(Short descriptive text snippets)
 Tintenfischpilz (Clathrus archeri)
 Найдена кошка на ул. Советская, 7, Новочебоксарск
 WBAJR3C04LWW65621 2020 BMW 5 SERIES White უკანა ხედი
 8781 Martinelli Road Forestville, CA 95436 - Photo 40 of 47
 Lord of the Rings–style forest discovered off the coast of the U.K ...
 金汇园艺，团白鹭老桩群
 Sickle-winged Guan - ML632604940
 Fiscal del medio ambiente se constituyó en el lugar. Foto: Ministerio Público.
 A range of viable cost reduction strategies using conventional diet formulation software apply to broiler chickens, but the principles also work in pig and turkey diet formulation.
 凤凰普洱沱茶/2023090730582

**Your instructions**
Repeat every line of the data word for word until you have repeated the line that contains "Sickle-winged Guan - ML632604940", which is the last one to include.

**Solved problem**
 Tintenfischpilz (Clathrus archeri)
 Найдена кошка на ул. Советская, 7, Новочебоксарск
 WBAJR3C04LWW65621 2020 BMW 5 SERIES White უკანა ხედი
 8781 Martinelli Road Forestville, CA 95436 - Photo 40 of 47
 Lord of the Rings–style forest discovered off the coast of the U.K ...
 金汇园艺，团白鹭老桩群
 Sickle-winged Guan - ML632604940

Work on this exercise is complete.